*GOAL OF THE EXERCISE:*
Go through the listing below and repeat it exactly, dropping the pictures.

*DATA BLOCK:*

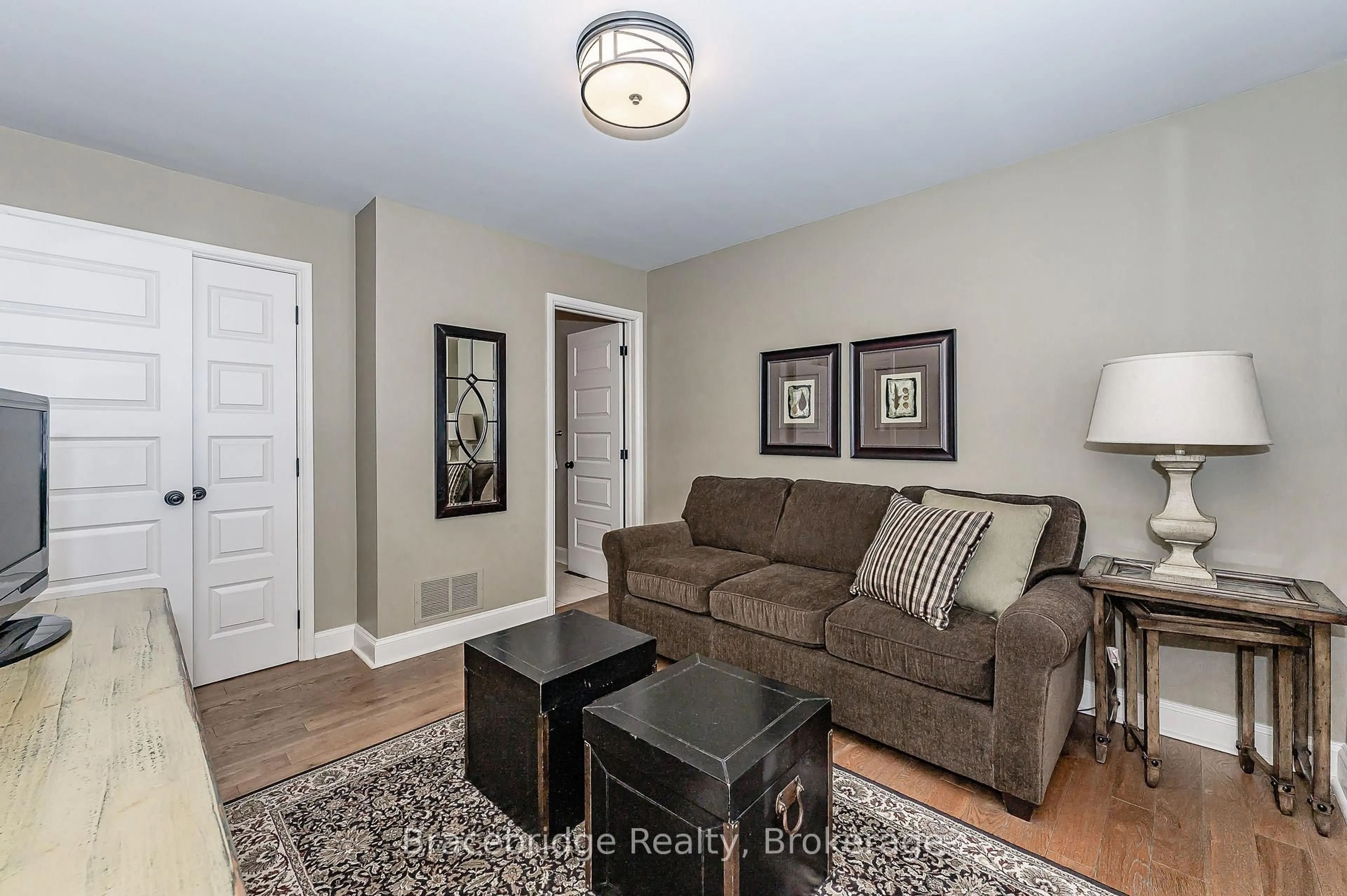 Living room with furniture, unknown for 3876 Muskoka Rd 118 Highway #Sandfield 3 W3, Muskoka Lakes Ontario P0B 1J0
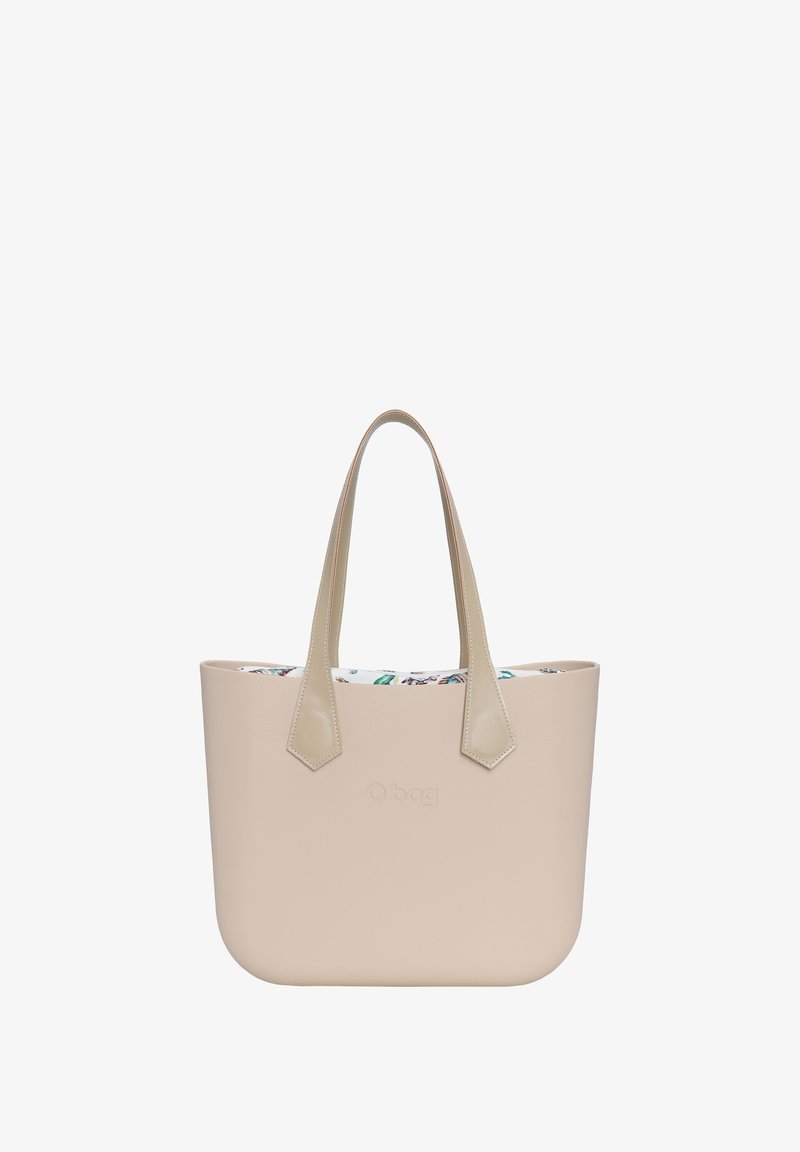 Beżowa torba typu tote wykonana z miękkiego materiału gumowego, z dwiema płaskimi rączkami i kolorowym wnętrzem w kwiatowy wzór. Logo O bag z przodu.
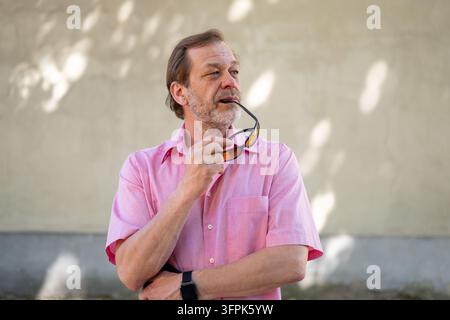 Un homme d'âge moyen en chemise rose tient des lunettes de soleil tout en regardant sur le côté à l'extérieur. Banque D'Images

*ANSWER BELOW:*
 Living room with furniture, unknown for 3876 Muskoka Rd 118 Highway #Sandfield 3 W3, Muskoka Lakes Ontario P0B 1J0
 Beżowa torba typu tote wykonana z miękkiego materiału gumowego, z dwiema płaskimi rączkami i kolorowym wnętrzem w kwiatowy wzór. Logo O bag z przodu.
 Un homme d'âge moyen en chemise rose tient des lunettes de soleil tout en regardant sur le côté à l'extérieur. Banque D'Images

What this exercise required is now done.